Release 23.02 of the CareAR Platform delivers the following:
- SSO Support (SAML 2.0)
- Minor UX Updates
- Local feedback when host or a collaborator uses the pen annotation tool
- Main contact list includes the ability to set/unset favorites
- Minor Security Updates
- Minor software library and SDK updates
New Features
SSO Support (SAML 2.0)
Single Sign-On (SSO) provides numerous benefits to the end user, including fewer credentials to manage, simpler login, and better productivity. The benefits to the organizational IT sponsor are numerous: improved security, consistent and streamlined user management, as well as unified credential policy (strength, aging policy, reset flow, etc).
The purpose of this feature is to enable the first phase of support for SSO for the CareAR SXM platform and CareAR applications. We will focus initially on supporting SAML 2.0 based Identity Providers.
The high-level scope of our first phase of SSO support includes
- just-in-time provisioning;
- authentication;
- authorization (including role definition); and
- formalization of the primary tenant administrator.
Primary Tenant Administrator
In our current support of the CareAR administrator role, we have an implicit primary administrator; this role is the first administrator (and first user) that is created when we create a new CareAR tenant.
We will formally and visibly indicate this role in the Administration screen where today it appears as “Tenant Admin.” The new label in the Administration screen shall be “Primary Tenant Administrator”.
By default, the initial administrator (the person identified when creating the tenant) will take on the formal role of primary administrator.
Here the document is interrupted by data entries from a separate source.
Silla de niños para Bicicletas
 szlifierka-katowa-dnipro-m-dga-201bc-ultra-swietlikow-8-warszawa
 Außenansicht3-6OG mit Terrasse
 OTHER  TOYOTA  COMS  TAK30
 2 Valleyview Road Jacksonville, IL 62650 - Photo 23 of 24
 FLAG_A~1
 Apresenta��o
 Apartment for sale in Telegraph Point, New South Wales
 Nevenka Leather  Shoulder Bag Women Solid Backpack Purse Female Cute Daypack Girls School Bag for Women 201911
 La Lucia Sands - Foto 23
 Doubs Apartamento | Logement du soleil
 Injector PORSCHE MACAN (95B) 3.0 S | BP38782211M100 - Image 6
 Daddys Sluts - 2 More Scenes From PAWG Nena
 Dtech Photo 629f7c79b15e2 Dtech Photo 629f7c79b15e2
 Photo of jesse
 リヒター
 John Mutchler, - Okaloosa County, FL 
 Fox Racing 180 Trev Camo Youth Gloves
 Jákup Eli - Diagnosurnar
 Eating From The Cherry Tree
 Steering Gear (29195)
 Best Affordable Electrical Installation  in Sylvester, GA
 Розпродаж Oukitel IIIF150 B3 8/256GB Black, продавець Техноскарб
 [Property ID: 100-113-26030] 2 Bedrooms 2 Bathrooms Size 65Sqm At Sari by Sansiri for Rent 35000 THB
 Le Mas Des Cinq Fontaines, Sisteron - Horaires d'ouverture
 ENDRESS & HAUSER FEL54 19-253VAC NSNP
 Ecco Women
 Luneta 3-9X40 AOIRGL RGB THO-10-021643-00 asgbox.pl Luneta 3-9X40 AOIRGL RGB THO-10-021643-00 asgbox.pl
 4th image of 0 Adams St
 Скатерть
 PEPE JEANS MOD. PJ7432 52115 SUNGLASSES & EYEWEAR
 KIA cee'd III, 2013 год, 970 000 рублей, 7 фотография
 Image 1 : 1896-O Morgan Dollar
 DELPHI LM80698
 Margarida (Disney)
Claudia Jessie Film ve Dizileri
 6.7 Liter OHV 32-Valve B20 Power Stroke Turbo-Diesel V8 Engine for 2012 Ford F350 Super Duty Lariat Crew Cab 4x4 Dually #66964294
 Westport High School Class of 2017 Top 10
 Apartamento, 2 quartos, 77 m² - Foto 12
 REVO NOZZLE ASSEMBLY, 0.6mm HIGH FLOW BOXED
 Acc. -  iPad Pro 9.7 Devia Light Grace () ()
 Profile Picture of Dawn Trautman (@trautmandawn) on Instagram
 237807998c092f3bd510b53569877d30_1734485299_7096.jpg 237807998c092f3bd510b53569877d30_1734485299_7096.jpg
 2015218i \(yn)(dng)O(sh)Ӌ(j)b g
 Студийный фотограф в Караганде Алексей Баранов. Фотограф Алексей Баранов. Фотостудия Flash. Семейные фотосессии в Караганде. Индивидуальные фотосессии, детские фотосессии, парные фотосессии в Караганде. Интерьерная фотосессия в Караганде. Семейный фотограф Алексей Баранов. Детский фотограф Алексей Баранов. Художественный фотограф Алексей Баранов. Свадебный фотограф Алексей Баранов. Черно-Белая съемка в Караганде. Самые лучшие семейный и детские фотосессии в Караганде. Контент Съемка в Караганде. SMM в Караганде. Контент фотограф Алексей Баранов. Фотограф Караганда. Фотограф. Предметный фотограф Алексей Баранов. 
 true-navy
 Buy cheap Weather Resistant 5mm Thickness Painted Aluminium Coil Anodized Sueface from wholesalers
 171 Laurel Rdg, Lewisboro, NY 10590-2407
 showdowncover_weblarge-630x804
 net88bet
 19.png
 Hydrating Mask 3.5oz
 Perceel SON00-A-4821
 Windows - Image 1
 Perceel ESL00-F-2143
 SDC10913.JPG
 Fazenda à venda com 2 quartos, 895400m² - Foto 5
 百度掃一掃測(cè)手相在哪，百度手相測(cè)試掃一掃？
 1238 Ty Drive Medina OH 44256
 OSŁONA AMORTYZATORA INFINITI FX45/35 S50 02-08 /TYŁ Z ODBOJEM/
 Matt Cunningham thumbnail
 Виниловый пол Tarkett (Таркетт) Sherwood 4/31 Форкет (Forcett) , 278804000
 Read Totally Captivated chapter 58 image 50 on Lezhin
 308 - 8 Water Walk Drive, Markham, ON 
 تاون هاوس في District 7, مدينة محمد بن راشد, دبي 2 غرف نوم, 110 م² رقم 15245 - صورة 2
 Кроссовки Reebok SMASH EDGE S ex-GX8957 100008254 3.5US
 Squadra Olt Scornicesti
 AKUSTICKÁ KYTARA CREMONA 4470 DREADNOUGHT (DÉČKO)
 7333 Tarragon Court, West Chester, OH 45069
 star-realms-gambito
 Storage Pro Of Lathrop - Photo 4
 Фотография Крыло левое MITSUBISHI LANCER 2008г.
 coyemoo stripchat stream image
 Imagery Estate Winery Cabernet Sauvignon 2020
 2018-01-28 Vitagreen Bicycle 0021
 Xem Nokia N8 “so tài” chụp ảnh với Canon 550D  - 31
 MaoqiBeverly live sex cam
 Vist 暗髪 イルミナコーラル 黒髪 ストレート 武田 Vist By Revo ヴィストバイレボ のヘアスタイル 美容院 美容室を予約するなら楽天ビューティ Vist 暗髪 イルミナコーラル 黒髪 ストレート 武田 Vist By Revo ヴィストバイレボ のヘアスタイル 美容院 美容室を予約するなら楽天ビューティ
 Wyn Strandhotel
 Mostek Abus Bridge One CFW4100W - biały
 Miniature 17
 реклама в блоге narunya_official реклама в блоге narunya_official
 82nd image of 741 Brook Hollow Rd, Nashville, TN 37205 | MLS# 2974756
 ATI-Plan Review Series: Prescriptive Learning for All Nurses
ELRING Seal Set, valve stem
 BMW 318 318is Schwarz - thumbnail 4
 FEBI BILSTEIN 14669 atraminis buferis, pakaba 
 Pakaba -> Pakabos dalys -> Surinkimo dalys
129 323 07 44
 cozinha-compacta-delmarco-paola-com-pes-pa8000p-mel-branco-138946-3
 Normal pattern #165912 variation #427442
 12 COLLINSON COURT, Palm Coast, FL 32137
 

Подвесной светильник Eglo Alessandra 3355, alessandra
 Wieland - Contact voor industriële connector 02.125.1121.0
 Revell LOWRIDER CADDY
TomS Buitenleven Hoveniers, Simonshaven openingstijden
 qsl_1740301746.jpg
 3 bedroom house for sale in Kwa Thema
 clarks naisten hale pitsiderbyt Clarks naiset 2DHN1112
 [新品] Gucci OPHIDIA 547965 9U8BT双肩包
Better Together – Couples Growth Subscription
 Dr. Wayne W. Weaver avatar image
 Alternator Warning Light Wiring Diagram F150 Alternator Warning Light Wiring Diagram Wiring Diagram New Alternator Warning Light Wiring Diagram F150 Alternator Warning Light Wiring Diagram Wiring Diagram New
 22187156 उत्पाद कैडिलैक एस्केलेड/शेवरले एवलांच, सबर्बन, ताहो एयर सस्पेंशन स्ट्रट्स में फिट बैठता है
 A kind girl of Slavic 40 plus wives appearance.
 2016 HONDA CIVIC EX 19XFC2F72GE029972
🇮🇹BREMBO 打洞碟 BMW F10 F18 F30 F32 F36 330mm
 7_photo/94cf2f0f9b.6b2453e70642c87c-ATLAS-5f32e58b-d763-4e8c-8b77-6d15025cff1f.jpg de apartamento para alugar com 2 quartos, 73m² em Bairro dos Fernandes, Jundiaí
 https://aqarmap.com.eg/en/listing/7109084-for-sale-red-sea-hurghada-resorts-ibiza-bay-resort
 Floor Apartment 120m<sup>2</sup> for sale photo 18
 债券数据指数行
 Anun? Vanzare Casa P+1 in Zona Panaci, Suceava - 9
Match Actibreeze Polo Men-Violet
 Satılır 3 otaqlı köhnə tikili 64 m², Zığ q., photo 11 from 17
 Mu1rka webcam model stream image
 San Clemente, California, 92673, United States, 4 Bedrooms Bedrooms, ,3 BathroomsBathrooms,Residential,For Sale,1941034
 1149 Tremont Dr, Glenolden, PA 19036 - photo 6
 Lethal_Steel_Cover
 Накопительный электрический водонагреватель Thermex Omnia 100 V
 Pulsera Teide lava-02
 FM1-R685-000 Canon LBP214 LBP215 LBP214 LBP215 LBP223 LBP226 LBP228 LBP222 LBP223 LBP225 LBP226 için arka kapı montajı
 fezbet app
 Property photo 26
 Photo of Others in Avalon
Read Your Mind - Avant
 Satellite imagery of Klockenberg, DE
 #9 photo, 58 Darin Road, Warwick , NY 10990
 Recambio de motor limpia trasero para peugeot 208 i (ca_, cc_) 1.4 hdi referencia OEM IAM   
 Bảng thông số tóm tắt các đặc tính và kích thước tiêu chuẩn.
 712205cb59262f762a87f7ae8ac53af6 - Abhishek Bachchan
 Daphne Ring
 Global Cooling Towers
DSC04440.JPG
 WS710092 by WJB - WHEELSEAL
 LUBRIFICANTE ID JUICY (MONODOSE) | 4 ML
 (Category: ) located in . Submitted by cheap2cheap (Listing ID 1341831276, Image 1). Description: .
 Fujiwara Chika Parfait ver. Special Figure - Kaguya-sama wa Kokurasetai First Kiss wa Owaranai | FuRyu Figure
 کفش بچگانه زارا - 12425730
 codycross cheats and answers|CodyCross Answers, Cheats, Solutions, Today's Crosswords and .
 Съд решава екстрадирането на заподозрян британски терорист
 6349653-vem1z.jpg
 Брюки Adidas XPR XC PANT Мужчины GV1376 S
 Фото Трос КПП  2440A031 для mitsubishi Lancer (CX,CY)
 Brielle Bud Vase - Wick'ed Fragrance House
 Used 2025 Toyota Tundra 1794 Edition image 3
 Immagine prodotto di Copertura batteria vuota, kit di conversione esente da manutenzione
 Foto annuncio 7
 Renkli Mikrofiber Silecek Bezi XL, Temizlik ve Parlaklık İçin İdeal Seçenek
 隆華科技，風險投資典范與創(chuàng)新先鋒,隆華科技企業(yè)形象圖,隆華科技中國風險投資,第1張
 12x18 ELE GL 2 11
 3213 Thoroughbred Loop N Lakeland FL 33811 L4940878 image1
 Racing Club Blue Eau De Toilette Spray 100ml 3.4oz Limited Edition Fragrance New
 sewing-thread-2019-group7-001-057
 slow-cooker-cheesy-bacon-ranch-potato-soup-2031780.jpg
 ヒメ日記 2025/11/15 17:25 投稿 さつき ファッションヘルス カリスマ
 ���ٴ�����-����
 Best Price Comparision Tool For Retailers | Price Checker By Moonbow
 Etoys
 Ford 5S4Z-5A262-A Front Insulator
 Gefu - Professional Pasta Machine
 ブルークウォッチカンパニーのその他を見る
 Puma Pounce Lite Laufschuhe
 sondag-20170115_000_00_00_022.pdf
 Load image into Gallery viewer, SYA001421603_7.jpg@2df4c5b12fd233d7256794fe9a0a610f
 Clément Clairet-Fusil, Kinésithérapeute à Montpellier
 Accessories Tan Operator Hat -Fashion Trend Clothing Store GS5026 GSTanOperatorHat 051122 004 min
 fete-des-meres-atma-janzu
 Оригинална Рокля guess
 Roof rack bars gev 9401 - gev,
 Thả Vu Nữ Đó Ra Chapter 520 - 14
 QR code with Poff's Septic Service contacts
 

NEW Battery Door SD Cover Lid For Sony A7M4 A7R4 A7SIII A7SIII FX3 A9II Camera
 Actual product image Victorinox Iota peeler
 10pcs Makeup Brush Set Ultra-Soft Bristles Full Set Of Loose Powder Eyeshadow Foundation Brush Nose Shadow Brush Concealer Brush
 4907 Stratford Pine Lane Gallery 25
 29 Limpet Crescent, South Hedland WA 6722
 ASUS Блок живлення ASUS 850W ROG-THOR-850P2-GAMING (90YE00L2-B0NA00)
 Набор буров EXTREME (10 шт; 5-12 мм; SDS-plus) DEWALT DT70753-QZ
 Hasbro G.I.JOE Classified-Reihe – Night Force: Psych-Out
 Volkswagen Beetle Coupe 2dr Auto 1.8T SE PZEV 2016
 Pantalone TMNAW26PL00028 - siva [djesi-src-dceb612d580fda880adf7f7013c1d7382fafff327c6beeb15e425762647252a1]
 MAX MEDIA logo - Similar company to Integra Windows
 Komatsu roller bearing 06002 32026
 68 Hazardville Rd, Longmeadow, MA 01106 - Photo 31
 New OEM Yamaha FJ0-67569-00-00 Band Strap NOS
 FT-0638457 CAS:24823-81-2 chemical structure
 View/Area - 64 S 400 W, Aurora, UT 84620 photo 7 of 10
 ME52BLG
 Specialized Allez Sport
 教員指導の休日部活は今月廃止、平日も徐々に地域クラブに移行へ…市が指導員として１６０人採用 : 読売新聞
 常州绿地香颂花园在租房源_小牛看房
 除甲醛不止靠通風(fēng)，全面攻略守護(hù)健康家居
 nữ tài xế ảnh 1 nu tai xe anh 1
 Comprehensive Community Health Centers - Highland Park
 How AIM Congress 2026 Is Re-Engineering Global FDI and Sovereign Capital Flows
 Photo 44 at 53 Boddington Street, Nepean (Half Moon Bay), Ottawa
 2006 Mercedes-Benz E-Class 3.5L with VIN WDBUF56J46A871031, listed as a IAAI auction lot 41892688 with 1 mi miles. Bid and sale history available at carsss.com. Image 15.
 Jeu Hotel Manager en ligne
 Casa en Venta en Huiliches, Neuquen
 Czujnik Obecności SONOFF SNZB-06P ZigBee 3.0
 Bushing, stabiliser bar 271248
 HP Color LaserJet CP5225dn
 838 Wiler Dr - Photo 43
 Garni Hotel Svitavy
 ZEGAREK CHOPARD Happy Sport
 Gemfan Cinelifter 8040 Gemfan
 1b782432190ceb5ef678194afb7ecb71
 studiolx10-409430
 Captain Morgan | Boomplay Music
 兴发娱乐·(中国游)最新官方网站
We will only allow a single primary administrator. The primary administrator is ineligible to use SSO and will always authenticate locally in Firebase.
SSO Configuration Flow
The high level flow of enabling SSO on a CareAR tenant consists of three steps as described below.
Our focus with this feature is on step 2 and step 3. The details of step 1 are outside the scope of CareAR and should be documented by your IdP provider.
Once the SSO settings are configured and enabled, users who are tagged as CareAR users (in the IdP domain) will use their SSO credentials to authenticate with CareAR; local firebase credentials (i.e., local password), should they exist, will not be used to authenticate a user. The first time a user logs into CareAR using SSO, the CareAR system will provision the user into the tenant in a just-in-time fashion.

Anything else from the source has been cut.